The device uses a procedure called optical coherence tomography (OCT), which the MIT group and collaborators helped forge in the early 1990s. The technology sends beams of infrared light into the eye and onto the retina. Echoes of this light return to the machine, which uses interferometry to measures changes in the time delay and scale of the returning light echoes, revealing the cross sectional tissue structure of the retina, similar to radar or ultrasound imaging. Tabletop OCT imagers have become a traditional form of care in ophthalmology, and current generation hand-held scanners are used for imaging infants and monitoring retinal surgery.

The researchers were able to minimize what has been characteristically a large somewhat cumbersome device into a portable size by using a MEMS mirror to scan the OCT imaging beam. They tested two designs, one of which is similar to a handheld video camera with a flat-screen display. In their tests, the researchers discovered that their device could attain images comparable in quality to standard table-top OCT instruments used by ophthalmologists.

To cope with the motion instability of a hand-held device, the instrument takes multiple 3-D images at high speeds, scanning a specific volume of the eye several times but with different scanning directions. By using multiple 3-D images of the same part of the retina, it is possible to correct for distortions due to motion of the operator's hand or the subject's own eye.

According to Fujimoto, the next stage, is to assess the technology in a clinical environment. However, the device is still relatively expensive and will most likely be some time before this technology finds its way into doctors' offices or in the field, pressuring manufacturers to find a way to support or lower its cost.

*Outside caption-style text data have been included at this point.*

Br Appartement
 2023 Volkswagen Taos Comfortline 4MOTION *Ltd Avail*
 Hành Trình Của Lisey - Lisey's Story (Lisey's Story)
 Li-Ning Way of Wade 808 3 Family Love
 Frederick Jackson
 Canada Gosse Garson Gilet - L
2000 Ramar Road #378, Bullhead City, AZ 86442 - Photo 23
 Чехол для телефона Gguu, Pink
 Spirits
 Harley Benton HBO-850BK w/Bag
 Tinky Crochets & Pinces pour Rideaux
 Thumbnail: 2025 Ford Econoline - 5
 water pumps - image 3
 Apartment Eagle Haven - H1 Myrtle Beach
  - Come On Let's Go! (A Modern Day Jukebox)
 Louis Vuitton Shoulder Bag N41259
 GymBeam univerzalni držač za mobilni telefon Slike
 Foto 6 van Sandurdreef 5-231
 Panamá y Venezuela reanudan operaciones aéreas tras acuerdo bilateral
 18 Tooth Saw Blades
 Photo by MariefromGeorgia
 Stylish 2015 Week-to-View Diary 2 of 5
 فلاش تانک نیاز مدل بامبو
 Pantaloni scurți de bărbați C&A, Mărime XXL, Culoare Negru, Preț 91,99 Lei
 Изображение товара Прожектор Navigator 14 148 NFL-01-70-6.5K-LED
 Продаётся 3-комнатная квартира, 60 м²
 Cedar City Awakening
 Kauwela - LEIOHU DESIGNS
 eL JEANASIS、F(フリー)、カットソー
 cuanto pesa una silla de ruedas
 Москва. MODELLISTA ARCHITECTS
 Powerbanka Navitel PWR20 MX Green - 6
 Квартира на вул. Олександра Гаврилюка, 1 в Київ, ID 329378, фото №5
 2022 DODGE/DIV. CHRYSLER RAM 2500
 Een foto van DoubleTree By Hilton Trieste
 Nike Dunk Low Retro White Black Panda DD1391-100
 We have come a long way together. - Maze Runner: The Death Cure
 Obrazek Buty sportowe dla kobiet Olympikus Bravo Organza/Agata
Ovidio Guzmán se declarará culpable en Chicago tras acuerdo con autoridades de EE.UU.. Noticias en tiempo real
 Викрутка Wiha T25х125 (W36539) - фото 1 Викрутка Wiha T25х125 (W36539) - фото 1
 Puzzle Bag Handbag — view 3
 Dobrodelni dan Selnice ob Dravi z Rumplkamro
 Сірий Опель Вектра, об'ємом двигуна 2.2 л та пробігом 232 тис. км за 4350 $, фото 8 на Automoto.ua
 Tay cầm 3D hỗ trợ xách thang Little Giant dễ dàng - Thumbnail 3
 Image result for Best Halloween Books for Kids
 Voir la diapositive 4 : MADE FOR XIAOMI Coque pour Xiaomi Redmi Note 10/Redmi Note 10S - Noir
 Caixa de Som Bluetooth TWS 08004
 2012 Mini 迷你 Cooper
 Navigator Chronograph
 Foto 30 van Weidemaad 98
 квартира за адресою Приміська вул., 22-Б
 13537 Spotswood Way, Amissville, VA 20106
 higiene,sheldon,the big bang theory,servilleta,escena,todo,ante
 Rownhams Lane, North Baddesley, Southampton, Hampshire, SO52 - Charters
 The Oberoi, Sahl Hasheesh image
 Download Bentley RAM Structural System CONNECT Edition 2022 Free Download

“Many people with eye diseases may not even be aware of them until irreversible vision loss occurs. Screening technology is important because many eye diseases should be detected and treated long before any visual symptoms arise. For example, in a 2003 Canadian study of nearly 25,000 people, almost 15 percent were found to have eye disease, even though they showed no visual symptoms and 66.8 percent of them had a best-corrected eyesight of 20/25 or better. Problems with undetected eye disease are exacerbated with the rise of obesity and undiagnosed diabetes. The Center for Disease Control and Prevention estimates that 11.3 percent of the U.S. population over the age of 20 has diabetes, even though many do not know it,” said Fujimoto.

For the coming years, Fujimoto believes that hand-held OCT technology can be applied in many other medical specialties beyond ophthalmology, for instance in applications ranging from surgical guidance to military medicine.

"The hand-held platform allows the diagnosis or screening to be performed in a much wider range of settings. Developing screening methods that are accessible to the larger population could significantly reduce unnecessary vision loss,” he said.